[Short web captions]
== Segment start ==
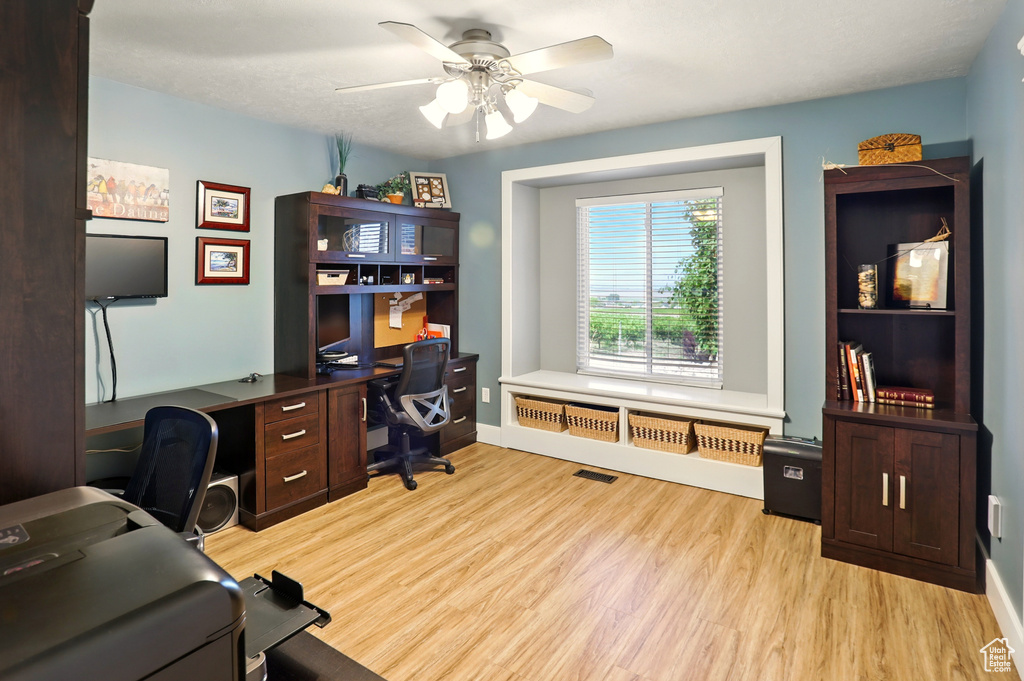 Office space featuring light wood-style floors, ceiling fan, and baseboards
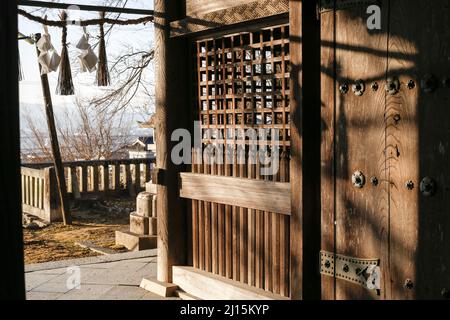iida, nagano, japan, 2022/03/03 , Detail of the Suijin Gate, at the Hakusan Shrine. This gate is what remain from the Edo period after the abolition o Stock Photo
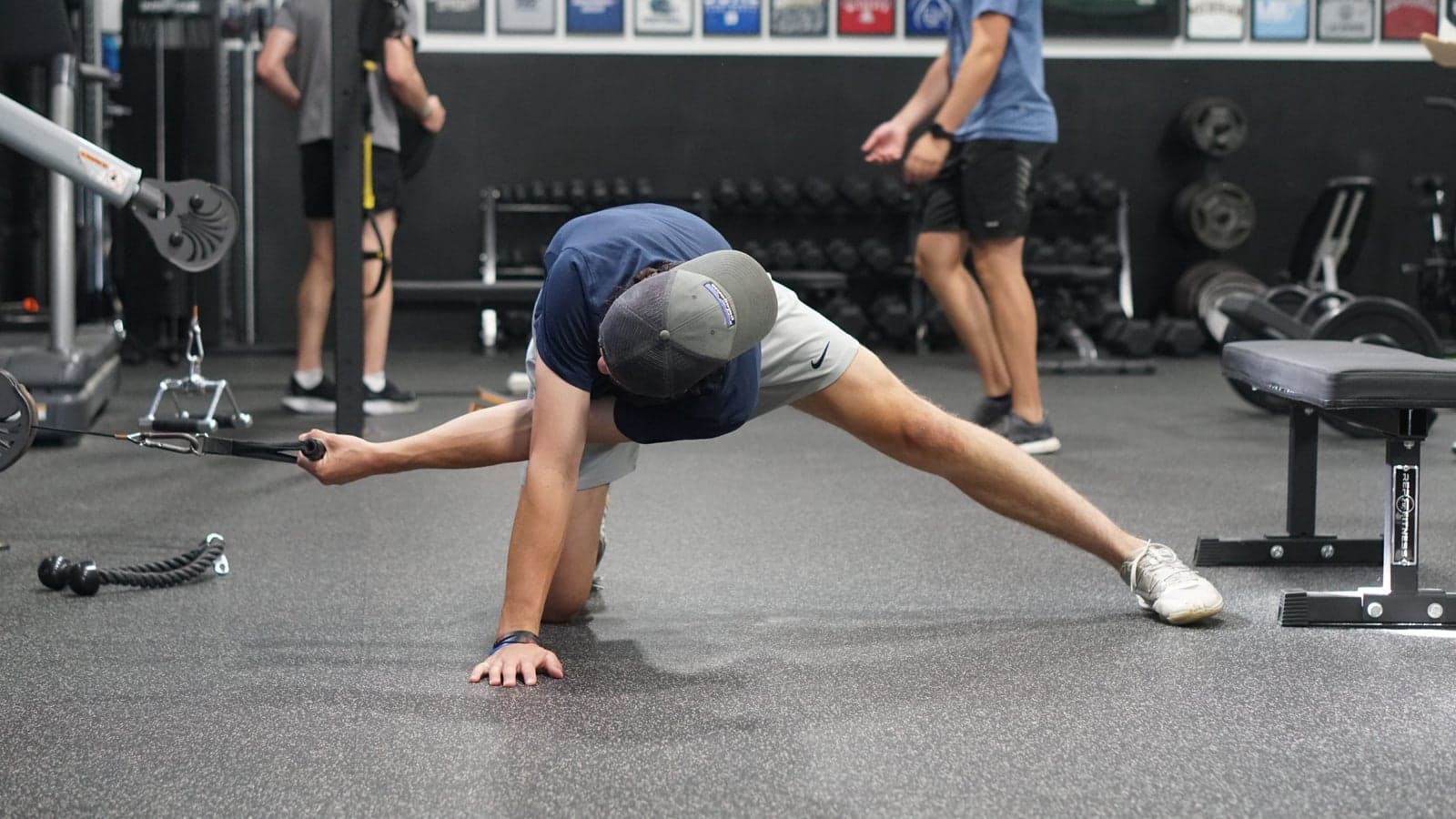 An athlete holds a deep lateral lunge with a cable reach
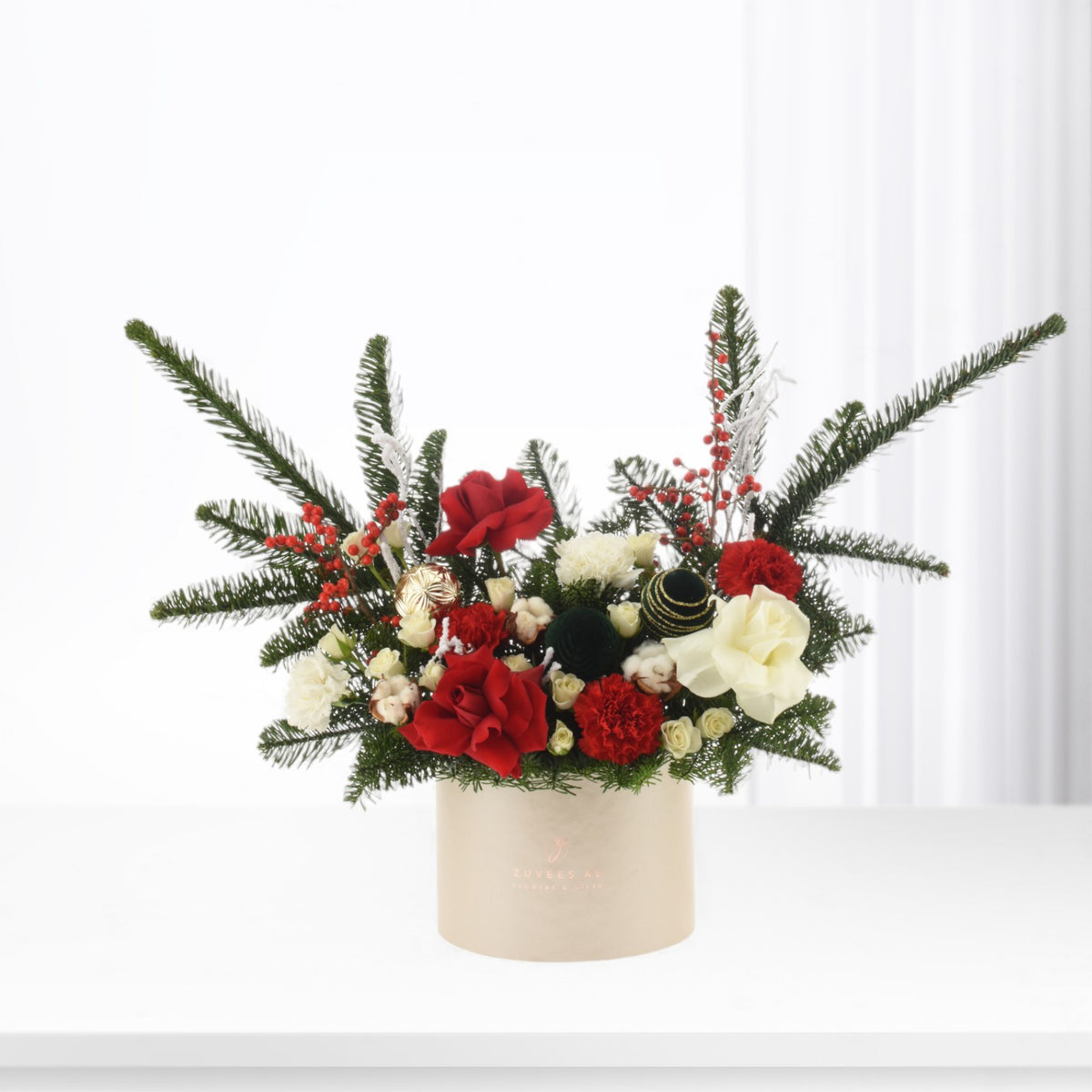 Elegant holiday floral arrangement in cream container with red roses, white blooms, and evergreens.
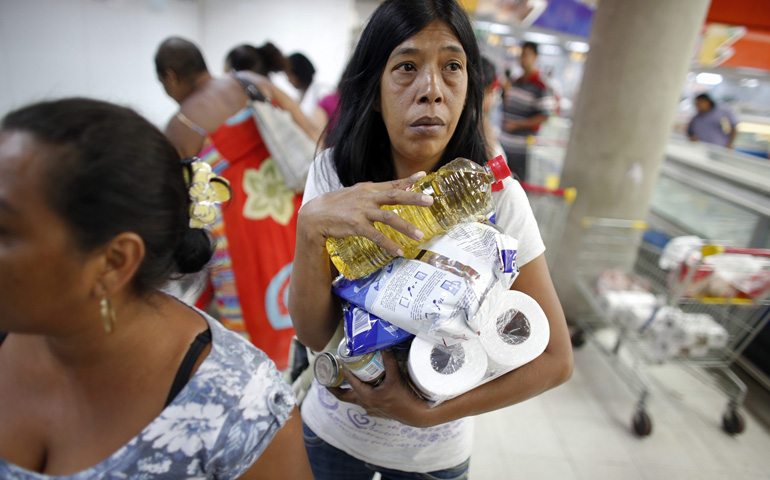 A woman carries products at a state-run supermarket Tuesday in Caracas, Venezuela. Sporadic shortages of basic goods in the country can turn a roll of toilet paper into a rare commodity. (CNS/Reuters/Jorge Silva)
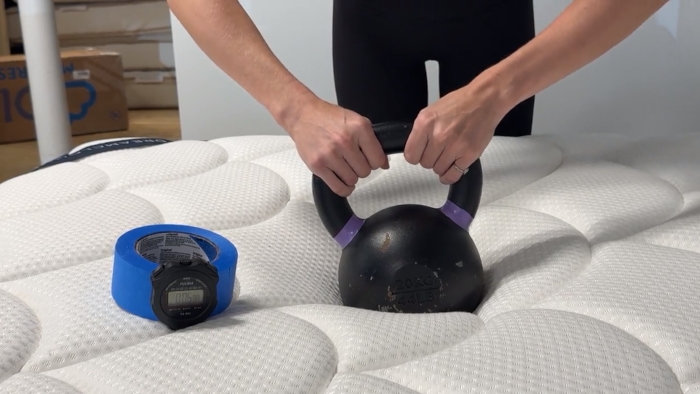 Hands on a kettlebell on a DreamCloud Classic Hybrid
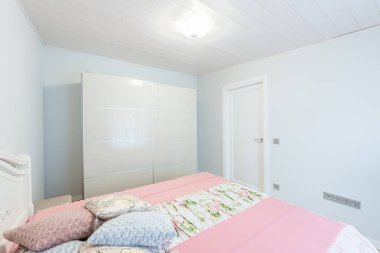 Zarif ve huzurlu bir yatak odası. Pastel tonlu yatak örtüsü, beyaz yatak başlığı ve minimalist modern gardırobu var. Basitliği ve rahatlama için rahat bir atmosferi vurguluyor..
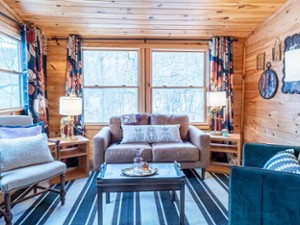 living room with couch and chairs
== Segment end ==
Reproduce the data above exactly, leaving out any picture in it.

 Office space featuring light wood-style floors, ceiling fan, and baseboards
iida, nagano, japan, 2022/03/03 , Detail of the Suijin Gate, at the Hakusan Shrine. This gate is what remain from the Edo period after the abolition o Stock Photo
 An athlete holds a deep lateral lunge with a cable reach
 Elegant holiday floral arrangement in cream container with red roses, white blooms, and evergreens.
 A woman carries products at a state-run supermarket Tuesday in Caracas, Venezuela. Sporadic shortages of basic goods in the country can turn a roll of toilet paper into a rare commodity. (CNS/Reuters/Jorge Silva)
 Hands on a kettlebell on a DreamCloud Classic Hybrid
 Zarif ve huzurlu bir yatak odası. Pastel tonlu yatak örtüsü, beyaz yatak başlığı ve minimalist modern gardırobu var. Basitliği ve rahatlama için rahat bir atmosferi vurguluyor..
 living room with couch and chairs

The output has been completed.